What took the cake of the things I could have been was; a better son.
I’m a genius when I put my mind to it, but Asperger’s will render that quite difficult and especially so if you couldn’t understand why you felt alienated. I can also do anything provided I had enough time, I’m really quite informed in all walks of life and it’s subordinate facets. I think that came to be because I spent so much time denying what I was and in the process learned a billion other things to be. I learned people. I learned what love and care was like without ever having a real example from home. And I pushed it. I went to extremes when I learned these things because it felt like it could get me away from my family, my universe. My parents weren’t terrible parents.
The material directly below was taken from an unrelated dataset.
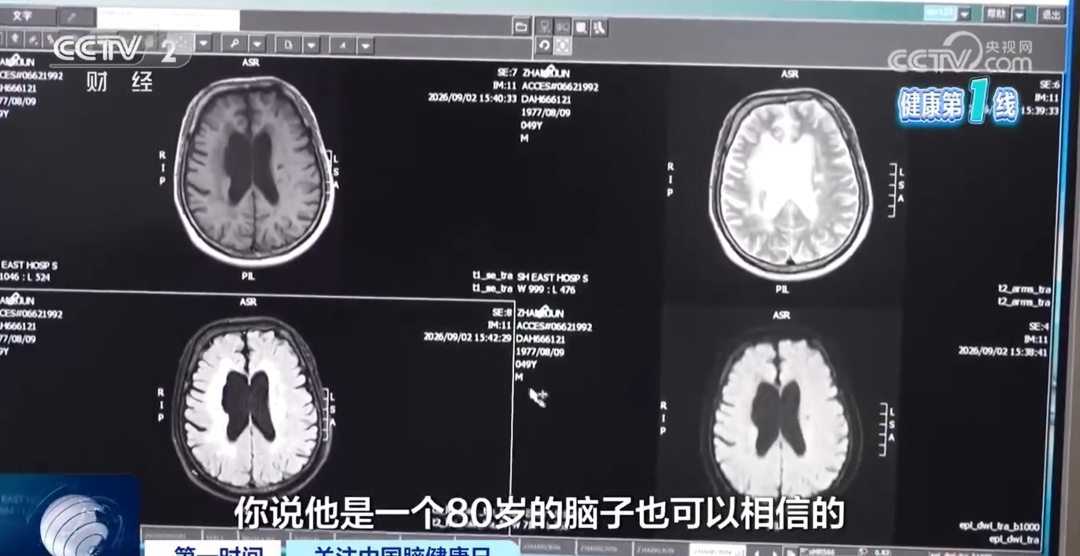 男子长期熬夜,确诊血管性痴呆!大脑萎缩如80岁!这些伤脑行为你可能天天做! 男子长期熬夜,确诊血管性痴呆!大脑萎缩如80岁!这些伤脑行为你可能天天做!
I just found out, not a moment before writing this while taking a dump, that my parents were just as resilient and prolific in nature as I was. I shunned my youth solely because everyone else seemed to have a family that had it so much fucking easier than mine. My agitation increased tenfold when I found other Asian kids to come from money. They were pricks too. I subconsciously wanted to be a prick to, a big one, metaphorically. I mean I really didn’t look all that different from them apart from fashion expenditures. Its was a handicapped life as though the universe picked on us simply because it was bigger. In all I’ve learned, I’ve learned hermetically and I’ve learned that I was a terrible son because of the materialism the rest of society imposed upon me. I used to believe having lots of cool expensive things was as good as knowing who I was.
But I am not an 80 gig ps3 I purchased on the release date. I am not a plethora of vintage clothing and boys from the 60’s era. my clothes were pushing 50 years old. I am not a vast collection of DVDs of Indie cult movies. I am not my record collection of obscure musicians. I am not the display of books on my bookshelf. I am not the cute minimalist organizational angles of my ikea furniture. I am not the car I drive, nor train, nor bike.
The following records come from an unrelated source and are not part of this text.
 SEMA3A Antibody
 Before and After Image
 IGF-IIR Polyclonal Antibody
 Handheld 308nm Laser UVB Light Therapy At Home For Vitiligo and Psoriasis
What I am is the feeling of vintage clothing and it’s history. I am the mind of a 50 year old man, or woman I’d I include the strange obsession with shoes I had. I am the interest of new technology and new ways if being like a ps5. I am the dialogue and the story in all those movies we all love watching, even In Her Shoes. I am the feeling of an obscure musician under a needle until I click. I am the ideas in all the books I’ve read as I am the counter arguments to some of the books I’ve read. I am the clean, sleek state of an armoire from Sweden. I am catching onto the ways you and your friends make me and my friends feel.
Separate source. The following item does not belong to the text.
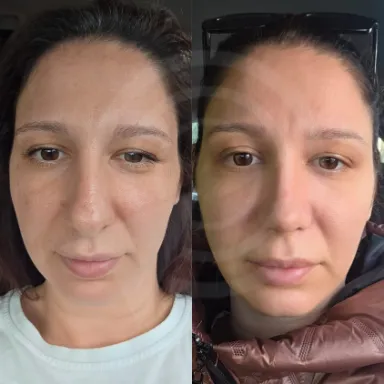 Rhinoplasty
You may think I have gone insane, but I was insane from the beginning. I was insane from misinformation until I got the picture. I want to show you but you’ll just tread on me again. What tells me I’m right is this: my picture applies to every single person in this world while yours applies to you. I want my world back. You can keep bussing tables to finance your fancies, but when the rest of us aren’t impressed anymore. You’ll feel pretty silly for thinking I was crazy. Welcome to the grander scheme of things, biaaaatch. My world is a world where lessons learned are not forgotten. I hope you can say that too one day.